• What you are asked to do:
Find the line below with "14.09.2025 - Stadtparktriathlon". Print it and every line after it exactly, through the last line, leaving out the pictures.

• Captioned web images:
○ ○ ○ ○
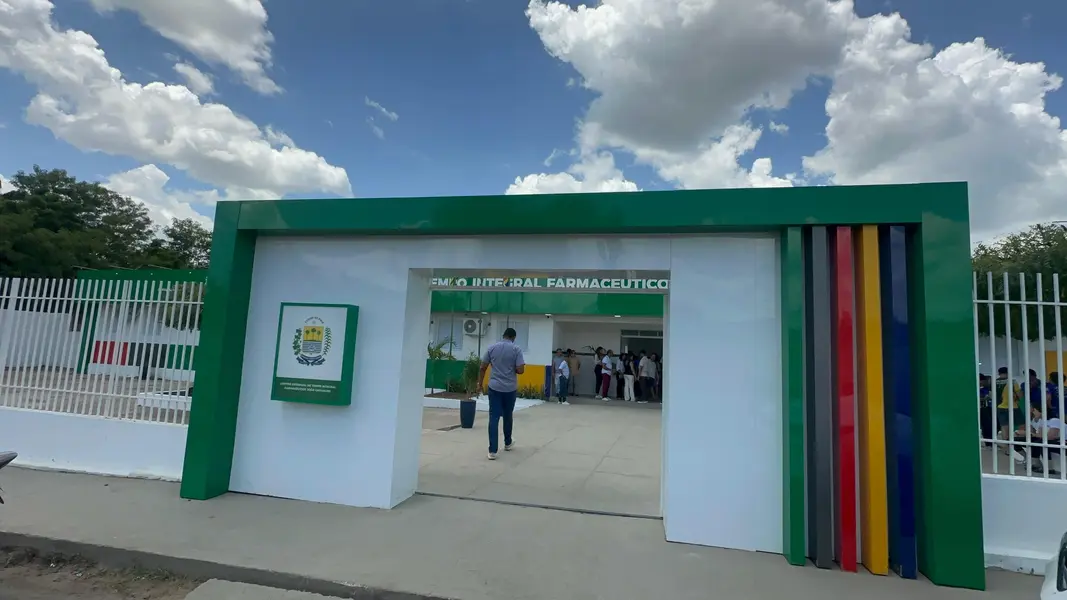 Fonteles entrega obras em Oeiras e região pelos 203 anos de indepência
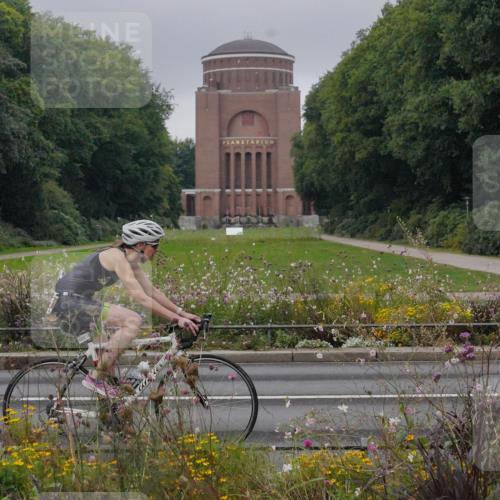 14.09.2025 - Stadtparktriathlon Michael Burmester http://msf.ph/oto/8900659 14.09.2025 09:19:49 Radfahren 306, 320, 324, 356, 366, 382, 442, 447, 485 meine-sportfotos.de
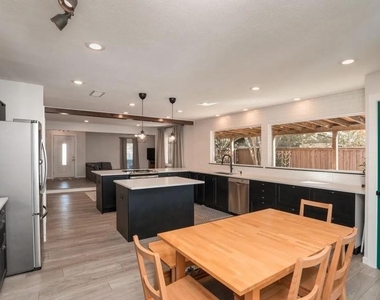 2116 Oak Brook Drive - Photo Thumbnail 16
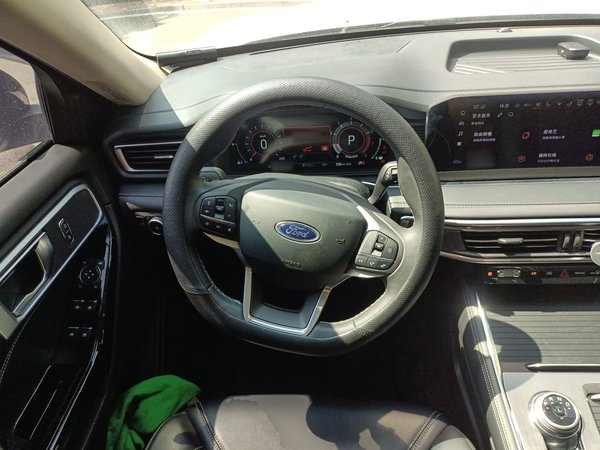 Ford Explorer 2023, 12300 км, за 36131 USD - фото 10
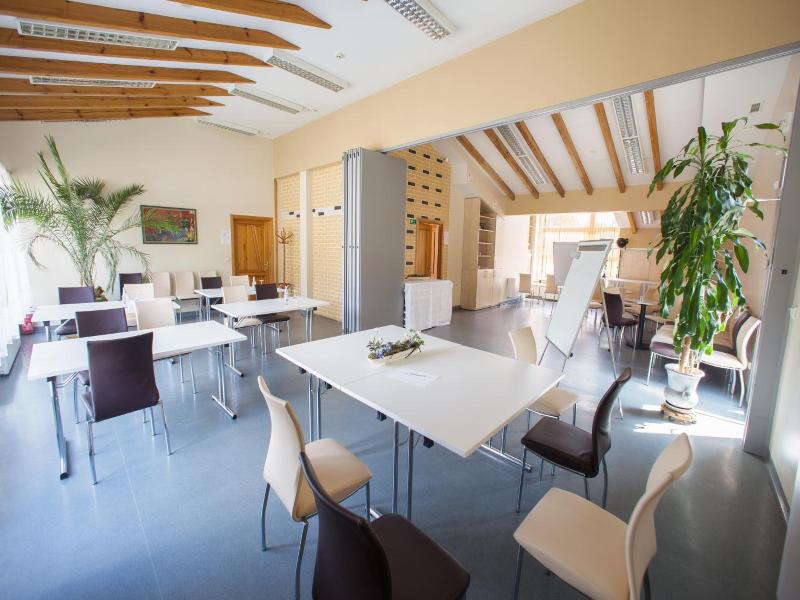 Goda Hotel Spa image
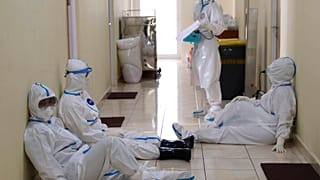 Equipe médicale dans un hôpital de Jakarta (Indonésie), le 29/07/2021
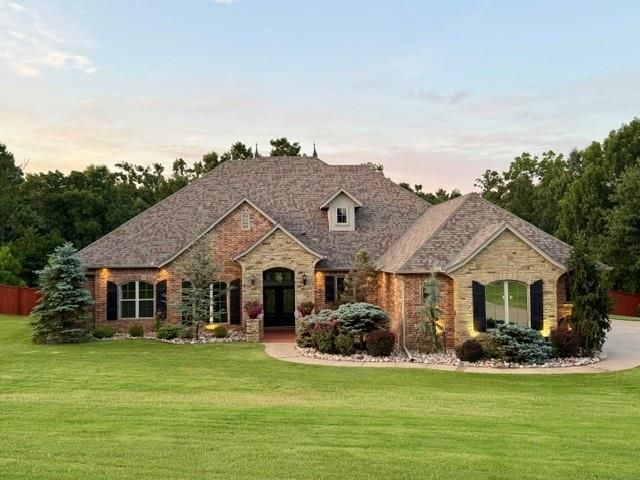 4160 Newburg Drive, Choctaw, OK 73020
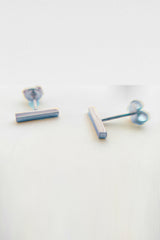 أقراط فضية صغيرة خالية من الأحجار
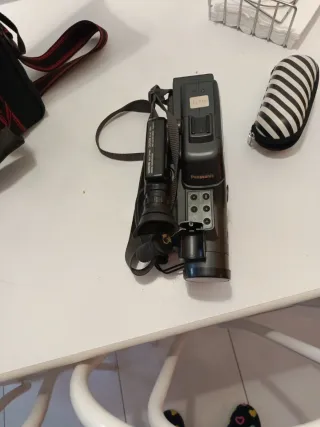 Panasonic MS70 S-VHS-C Cámara de vídeo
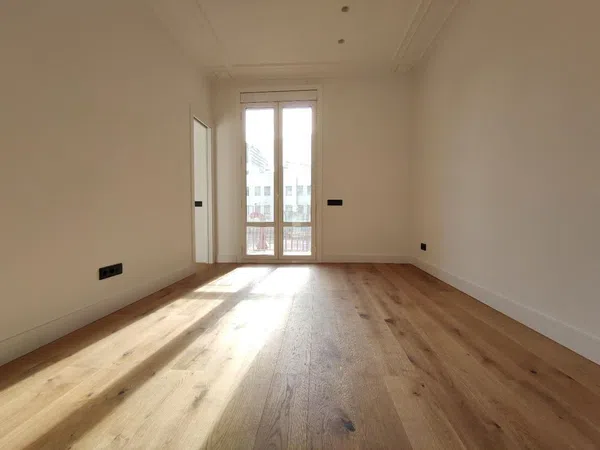 Piso en La Nova Esquerra de l'Eixample - Foto 2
○ ○ ○ ○
• Exercise solution:
 14.09.2025 - Stadtparktriathlon Michael Burmester http://msf.ph/oto/8900659 14.09.2025 09:19:49 Radfahren 306, 320, 324, 356, 366, 382, 442, 447, 485 meine-sportfotos.de
 2116 Oak Brook Drive - Photo Thumbnail 16
 Ford Explorer 2023, 12300 км, за 36131 USD - фото 10
 Goda Hotel Spa image
 Equipe médicale dans un hôpital de Jakarta (Indonésie), le 29/07/2021
 4160 Newburg Drive, Choctaw, OK 73020
 أقراط فضية صغيرة خالية من الأحجار
 Panasonic MS70 S-VHS-C Cámara de vídeo
 Piso en La Nova Esquerra de l'Eixample - Foto 2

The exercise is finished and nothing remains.